What Goes Into a New (or Gently Used) System

  • February 5, 2009
  • By Bruce Byfield

Another important application for me is Evolution, which I value as a centralized work area. Numerous other programs handle email, notes, to do lists, and contact information as well or better, but few are as convenient as Evolution. However, with KDE 4 maturing, I am considering investigating KDE-PIM in depth, so that I can make an informed choice between the two.

As a sometime designer, I also check what fonts a distribution installs by default. These days, the number of free fonts is increasing, and many distributions install all that are available. However, if necessary, I make a point of installing Red Hat's Liberation fonts to ensure I have metrical equivalents of Times Roman, Helvetica/Arial and Courier, the standard Windows fonts, and a selection of SIL fonts for their expanded Unicode support, so that I can type in non-English languages without looking ignorant -- or, in the case of people's names, discourteous. I am particularly careful to include SIL's Gentium, one of the most drop-dead gorgeous fonts I've ever seen, regardless of the license.

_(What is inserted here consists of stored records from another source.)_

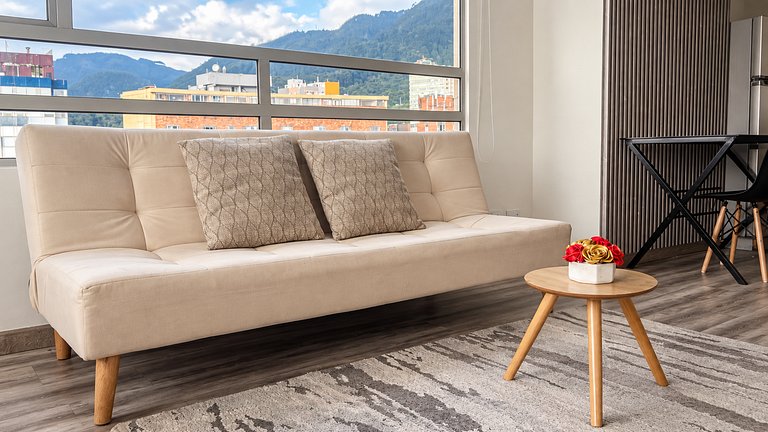 Vista a Monserrate | Loft para 3 en Bogotá Centro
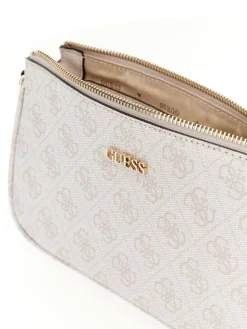 Guess Laukut Ja Kassit*laukku Bnn Noelle Dbl Pouch Crossbody Bnn Bone logo
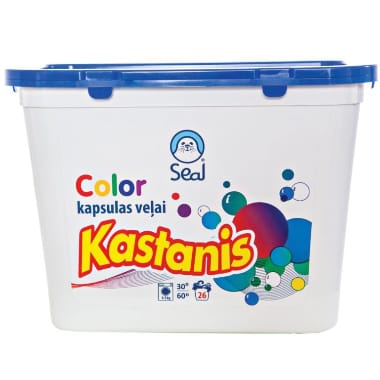 Veļas mazgāšanas kapsulas Kastanis Color, 26 gab.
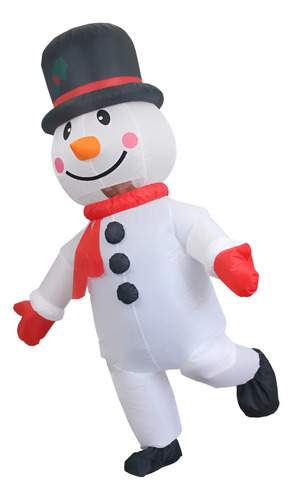 Disfraz Inflable De Papá Noel Para Fiesta De Cosplay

For games, my preference is for short classic games, like GNU Backgammon or PySol, which has all the games of solitaire you could ever want. I also install the Civilization-style game FreeCiv and the combat-oriented Battle for Westnoth for when I have spare time and want a strategic challenge.

Most of these programs take no time to configure, because I keep regular backups of the home directory, so that transplanting is simply a matter of copying and changing permissions to fit the appropriate user-account. However, I usually conclude a fresh installation by adding OpenOffice.org and Firefox extensions. To OpenOffice.org, I add the Sun Presenter Console (which requires configuring for dual monitor use), and the Sun PDF Import extensions.

To Firefox, I add two main categories of extensions. Since I regularly have several dozen tabs open while researching and writing an article, I use several to enhance the manipulation of tabs, such as remove tabs, TabHistory, Tabs Open Relative, and Undo Closed Tabs Button. An especially useful tab extension is Session Manager, which allows me to store different sets of tabs for easy reopening later.

Another large category of Firefox add-ons for me are ones for security and privacy. I have no need of Ad Block, since my eyes skip over ads unaided, but I do value Master Password Timeout, which limits the time that a master password in Firefox allows you unrestricted access. Recently, to, I have added Controle de Script, mainly so that I can be more selective about how Javascript runs, and BetterPrivacy, which allows management of super-cookies, such as those left behind by Flash sites, which the default Firefox controls miss.

Your Choices for the Linux Desktop?

From this list, anyone who doesn't know me would have little trouble identifying who I am: a free software-loving user whose main purposes including writing, designing, and using the web, and only the simplest of programming. That makes me, if not quite a typical user, typical enough for many purposes.